Algo extraordinário aconteceu com o A23a, o maior iceberg do mundo.
Ele gira pelo norte da Antártica há meses, quando na realidade deveria estar se movendo junto com a corrente oceânica mais poderosa da Terra.
Os cientistas dizem que o bloco de gelo, que tem mais da metade do tamanho de Porto Rico ou o dobro da área da Grande Londres, ficou preso no topo de um enorme cilindro giratório de água.
É um fenômeno que os oceanógrafos chamam de Coluna Taylor, e o A23a pode demorar anos para escapar dessa "prisão".
"Os icebergs são geralmente considerados coisas temporárias; eles se rompem e derretem. Mas este não", observou o especialista polar Mark Brandon.
"O A23a é um iceberg que se recusa a morrer", disse o pesquisador da Open University à BBC News.
A longevidade do iceberg está bem documentada. Ele se separou da costa antártica em 1986, mas quase imediatamente ficou preso no fundo do Mar de Weddell.
Durante três décadas foi uma "ilha de gelo" estática. Não se mexeu. Só em 2020 é que começou a flutuar novamente, lentamente no início, antes de seguir para o norte em direção a água mais quentes.
No início de abril deste ano, o A23a entrou na Corrente Circumpolar Antártica (ACC, na sigla em inglês), um monstro que movimenta cem vezes mais água ao redor do planeta do que todos os rios da Terra juntos.
O objetivo era impulsionar o iceberg, pesando quase um bilhão de toneladas, em direção ao Atlântico Sul, onde seria esquecido.
Porém, o A23a não foi para lugar nenhum. Ele permanece no local logo ao norte das Ilhas Órcades do Sul, girando no sentido anti-horário, cerca de 15 graus por dia. E enquanto continuar assim, consegue escapar da decadência e do desaparecimento.
O A23a não voltou a tocar a terra. Existem pelo menos mil metros de água entre sua parte inferior e o fundo do mar.
Um tipo de vórtice descrito pela primeira vez na década de 1920 por um físico brilhante, Geoffrey Ingram Taylor, interrompeu sua trajetória.
O acadêmico de Cambridge foi pioneiro no campo da dinâmica de fluidos e até participou do Projeto Manhattan para modelar a provável estabilidade do primeiro teste de bomba atômica do mundo.
O professor Taylor demonstrou como uma corrente que encontra um obstáculo no fundo do mar pode, nas circunstâncias certas, separar-se em dois fluxos distintos e gerar entre eles uma massa rotativa de água em todas as profundidades.

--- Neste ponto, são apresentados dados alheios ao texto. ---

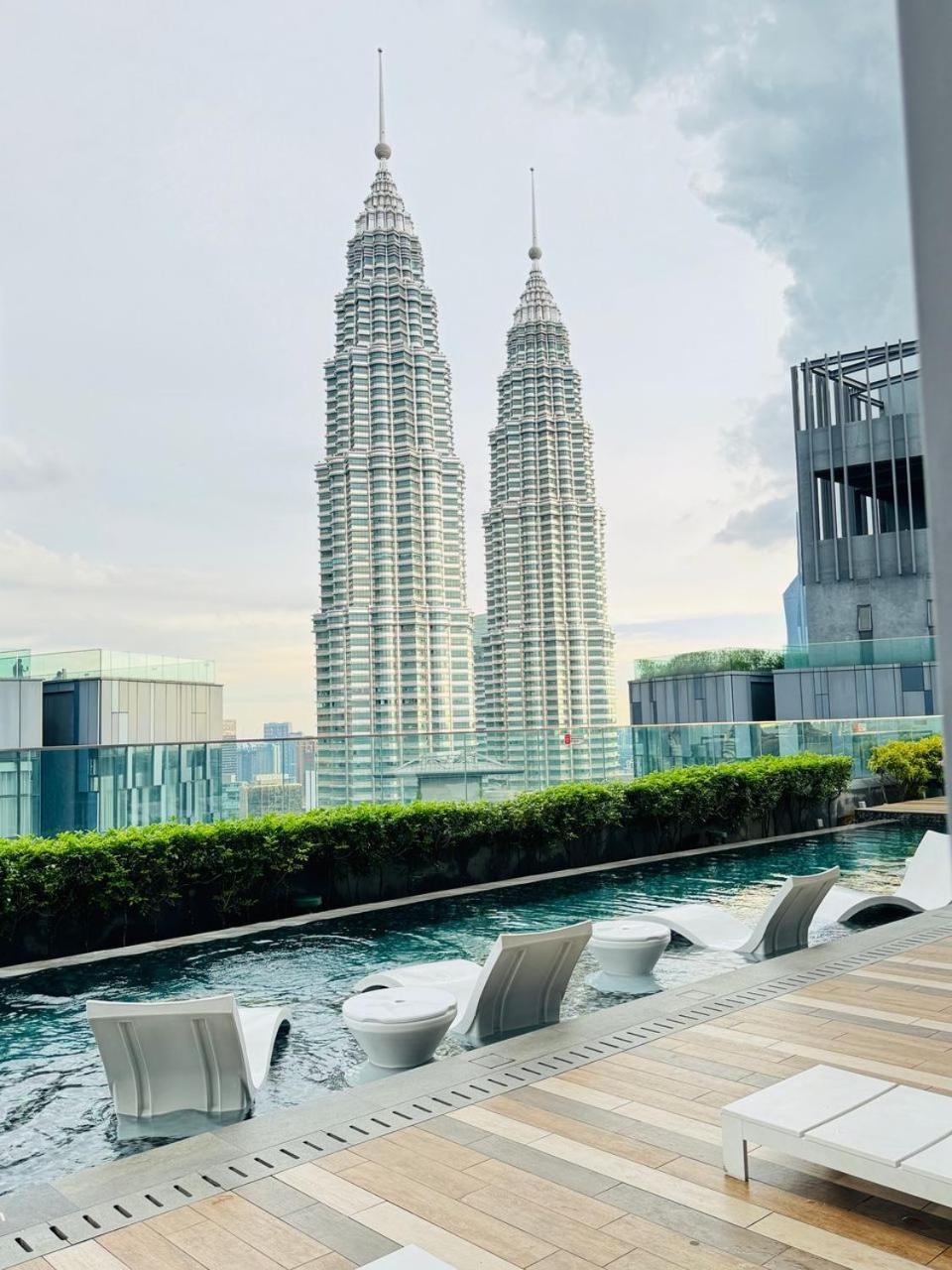 Pangsapuri Star Residences Klcc By Collective Haus Kuala Lumpur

Neste caso, a obstrução é uma protuberância de 100 km de largura no fundo do oceano conhecida como Pirie Bank, ou Banco de Pirie. O vórtice está no topo da margem e, por enquanto, A23a é seu prisioneiro.
“O oceano está cheio de surpresas e esta característica dinâmica é uma das mais belas que se pode ver”, disse o professor Mike Meredith, do British Antarctic Survey.
"As Colunas de Taylor também podem se formar no ar e podem ser vistas no movimento das nuvens sobre as montanhas. Elas podem ter apenas alguns centímetros de diâmetro em um tanque de laboratório experimental ou ser absolutamente enormes, como neste caso, em que a coluna tem um iceberg gigante no meio".
Não se sabe quanto tempo o A23a passará naquela prisão, mas quando o professor Meredith colocou uma boia científica numa Coluna de Taylor em outra protuberância a leste do Pirie Bank, o instrumento flutuante ainda girava no lugar quatro anos depois.
O Iceberg A23a ilustra perfeitamente, mais uma vez, a importância de compreender a forma do fundo do mar.
Montanhas, desfiladeiros e encostas subaquáticas influenciam profundamente a direção e a mistura das águas, bem como a distribuição de nutrientes que impulsionam a atividade biológica no oceano.
E essa influência também se estende pelo clima: é o movimento das massas de água que ajuda a dispersar a energia térmica por todo o planeta.
O comportamento do A23a pode ser explicado porque o fundo do oceano ao norte das Ilhas Órcades do Sul é razoavelmente bem estudado.
O mesmo não acontece na maior parte do resto do mundo.
Atualmente, apenas um quarto do fundo marinho da Terra foi mapeado de acordo com os melhores padrões modernos.